16. Notices. Notices shall be addressed (a) if to PFPC, at 000 Xxxxxxxx Xxxxxxx,
Xxxxxxxxxx, Xxxxxxxx 00000, Attention: President; (b) if to the Fund, at
BlackRock Bond Allocation Target Shares, 00 Xxxx 00xx Xxxxxx, Xxx Xxxx, Xxx Xxxx
00000, Attention: Xxxxxx Xxxxxxxx, Esq., or (c) if to neither of the foregoing,
at such other address as shall have been given by like notice to the sender of
any such notice or other communication by the other party. If notice is sent by
confirming telegram, cable, telex or facsimile sending device, it shall be
deemed to have been given immediately. If notice is sent by first-class mail, it
shall he deemed to have been given three days after it has been mailed. If
notice is sent by messenger, it shall be deemed to have been given on the day it
is delivered.
17. Amendments. This Agreement, or any term hereof, may be changed or waived
only by a written amendment, signed by the party against whom enforcement of
such change or waiver is sought.
18. Assignment. PFPC may assign this Agreement to any affiliate of PFPC or of
The PNC Financial Services Group, Inc., provided that PFPC obtains the Fund's
prior written consent to such assignment.
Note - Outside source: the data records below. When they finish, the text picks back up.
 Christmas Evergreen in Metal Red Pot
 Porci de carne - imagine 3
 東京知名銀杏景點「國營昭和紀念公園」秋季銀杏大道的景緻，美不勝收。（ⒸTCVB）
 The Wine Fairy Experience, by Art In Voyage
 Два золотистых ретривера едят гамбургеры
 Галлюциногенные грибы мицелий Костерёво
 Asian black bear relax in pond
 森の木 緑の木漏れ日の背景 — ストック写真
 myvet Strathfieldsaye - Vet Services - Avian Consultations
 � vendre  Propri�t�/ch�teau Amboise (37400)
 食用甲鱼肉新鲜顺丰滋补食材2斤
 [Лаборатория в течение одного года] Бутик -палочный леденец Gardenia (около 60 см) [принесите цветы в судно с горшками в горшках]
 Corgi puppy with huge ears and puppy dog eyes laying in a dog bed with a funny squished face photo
19. Counterparts. This Agreement may be executed in two or more counterparts,
each of which shall be deemed an original, but all of which together shall
constitute one and the same instrument.
20. Further Actions. Each party agrees to perform such further acts and execute
such further documents as are necessary to effectuate the purposes hereof.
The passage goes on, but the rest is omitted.